As for my friends I definitely felt he was out of line there. But he did acknowledge that he came 'late to the party' (I've known Eugene and Sally longer) and knows I don't agree with his viewpoint. He met Eugene once and I will admit Eugene didn't exactly make a good first impression. Basically Eugene was preoccupied playing backgammon on his phone instead of our conversation. I tried non verbally to tell Eugene to put his phone away but of course he wasn't having it.
I shared with Jose in the past some of the difficulties Eugene was having at his last job with certain folks. He did wind up finding another gig with another university and thankfully other than moving halfway across the state he doesn't have to relocate. Jose basically told me that Eugene is rude and arrogant and that he could see why he's having problems with his job.
He never even met Sally but I did confide to him about her losing her job and how I've been helping her financially over the years whenever she asks. It's not like I'm rich or anything but if she needs extra to pay her phone bill or gas or need groceries and I have a little bit extra, I've given it to her.
I've known Sally for over 17 years and for him to come along and say that she's taking advantage of me is an insult to me. I have told Sally a few times that I couldn't help her at certain times but just gave when I could. It's not like I've been giving money to her left and right.

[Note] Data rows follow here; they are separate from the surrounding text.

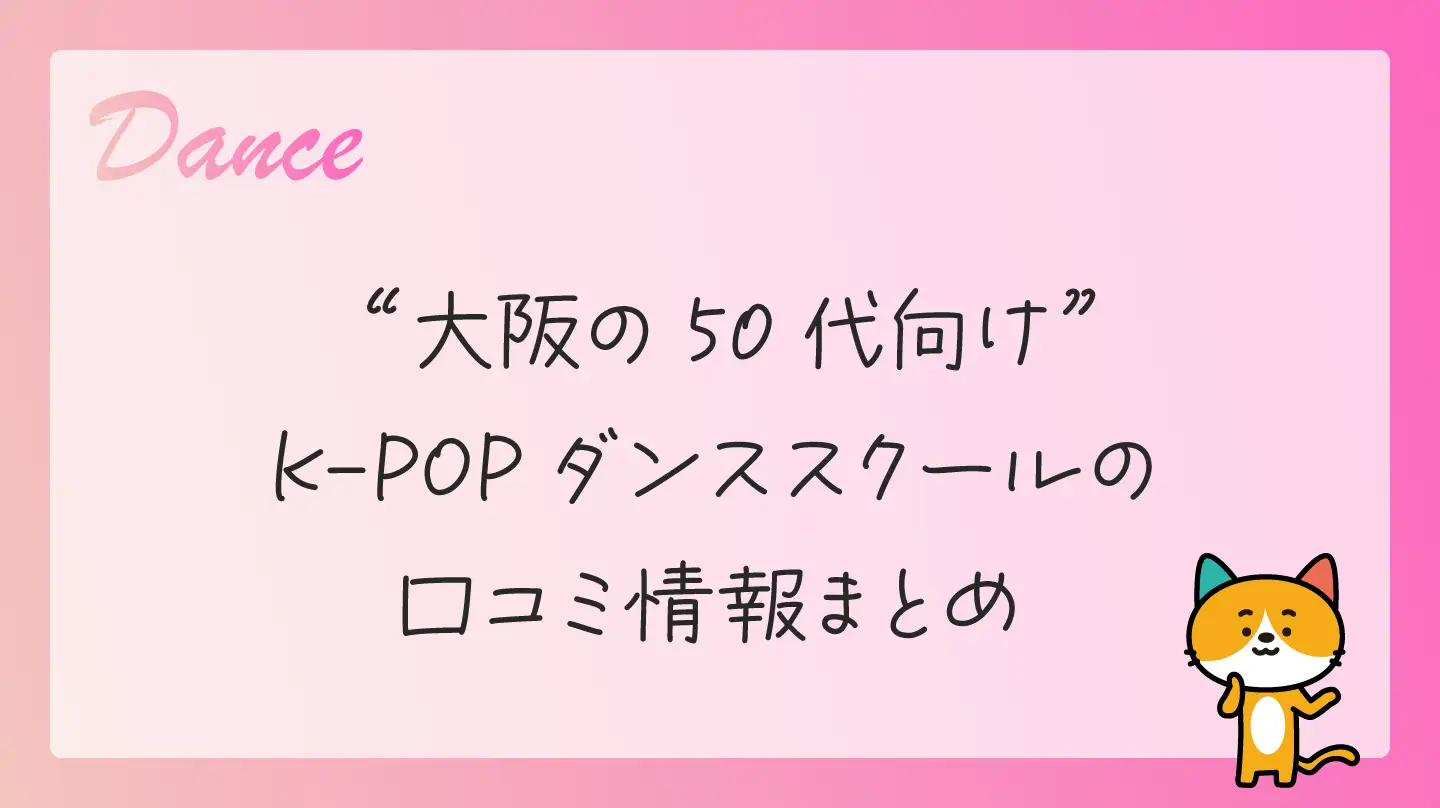 大阪の50代向けK-POPダンススクールの口コミ情報まとめ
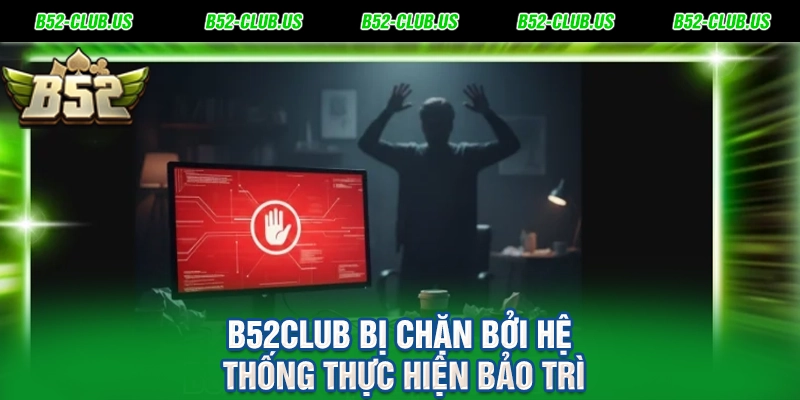 B52Club bị chặn bởi hệ thống thực hiện bảo trì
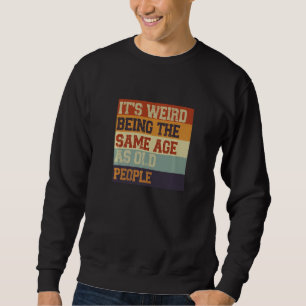 Sweatshirt C'est bizarre d'être le même âge que les Sarcas de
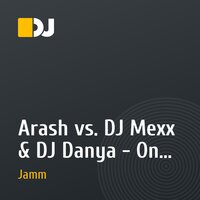 Arash vs. DJ Mexx & DJ Danya - On Est La (Dj Jamm Mash-Up) [2015]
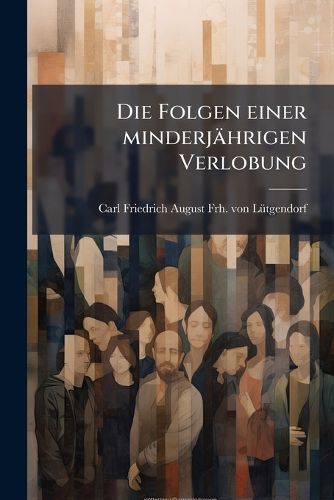 Cover image for Die Folgen Einer Minderj Hrigen Verlobung. Original-Lustspiel in 4 Aufz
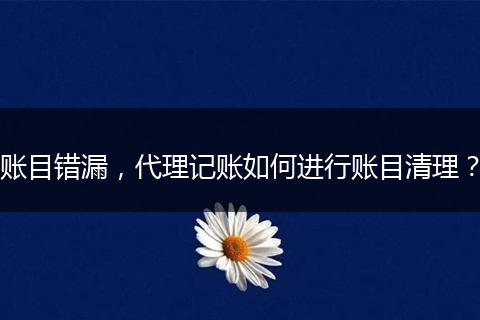 账目错漏，代理记账如何进行账目清理？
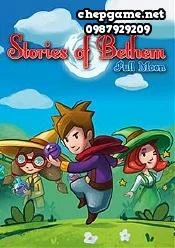 Stories of Bethem Full Moon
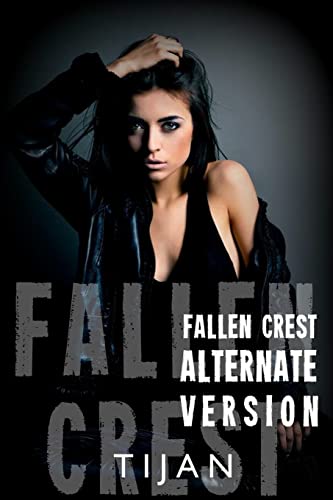 Fallen Crest Alternative Version (Fallen Crest Series) von CREATESPACE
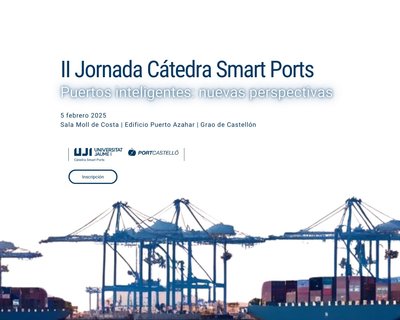 II Jornada Ctedra Smart Ports. Puertos inteligentes: nuevas perspectivas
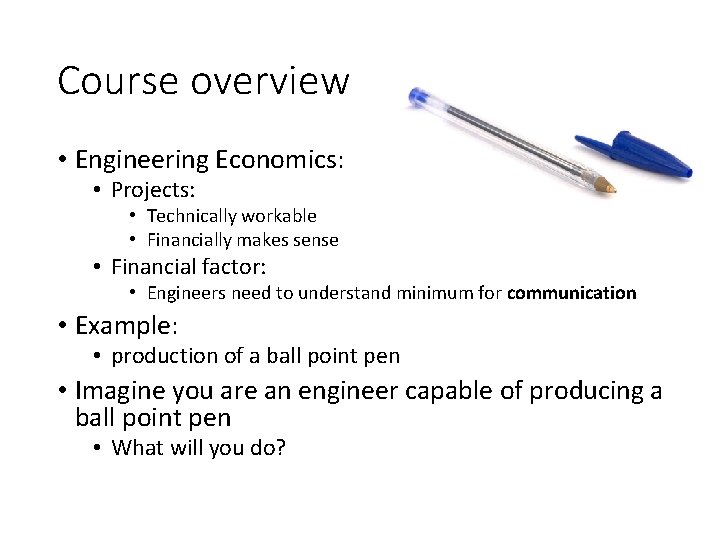 Course overview • Engineering Economics: • Projects: • Technically workable • Financially makes sense Course overview • Engineering Economics: • Projects: • Technically workable • Financially makes sense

I was dismayed that he had to drag my friends into his fight with me when I'm the one he had an issue with. I could've easily said some things about his "so-called" friends who are more like acquaintances. Honestly other than this one nice lesbian couple who I think are genuine from my brief interactions with them, I feel like the rest of his posse are only there for what they can do for each other.
Jose's forever telling me about all these weddings (he's goes to at least 5-6 weddings a year...so at least 12 in the two years I've known him) he goes to and how he's always buying gifts for them and how they're always having gatherings at these swanky mansions and locations. I feel like if any of them were to ever fall into hard times (like Sally did), that they would slowly drift themselves out of his life and he would drift from them as well. Basically not take the calls or call back when they know that person won't answer and say 'I'm sorry.' But of course I don't really know his so-called friends like that. Though I can infer that would happen from how he treated me. But I would never say anything like that to him because that's rude and disrespectful and I don't have any history with his "business acquaintances". But yet he chose to do that to me.
So basically he told me to have a nice life as I left his place. When I got back home I read his email on the computer and decided to write my response to him.
I expressed how disappointed I was that he chose to end whatever it was we had. I told him that I wished I had stuck with my first instinct and not chose 'Magic Mike'. However I added that maybe it was meant to happen like it did. I truly believe that some things are meant to happen and if it wasn't 'Magic Mike', he would've found some other reason to end it. Clearly he was looking to get out.
Whatever it was we had I did appreciate having him in my life. Like I said before he offered me an additional perspective on things and even if I didn't follow his advice or do things as he wanted, I ultimately appreciated having him in my life.
I was sad at that time but I didn't cry. The funny thing is that I kinda went through several phases to get over him. First phase I was in denial. Pretty much I was in denial the entire time he was giving his reasons for ending whatever it was we had. Then I was sad for my loss, which I expressed in my email. Then I had the angry phase (which I kinda am having again as I write this) like who the fuck does he think he is. What a selfish prick he is. But now I've come to the acceptance part.
I'm reminded of this quote. I don't even know where it comes from.
"People always come into your life for a REASON, a SEASON, or a LIFETIME."
I'll choose to remember the positive SEASONs that Jose and I had. Even though I think ultimately he made a mistake, he has to live with it, not me.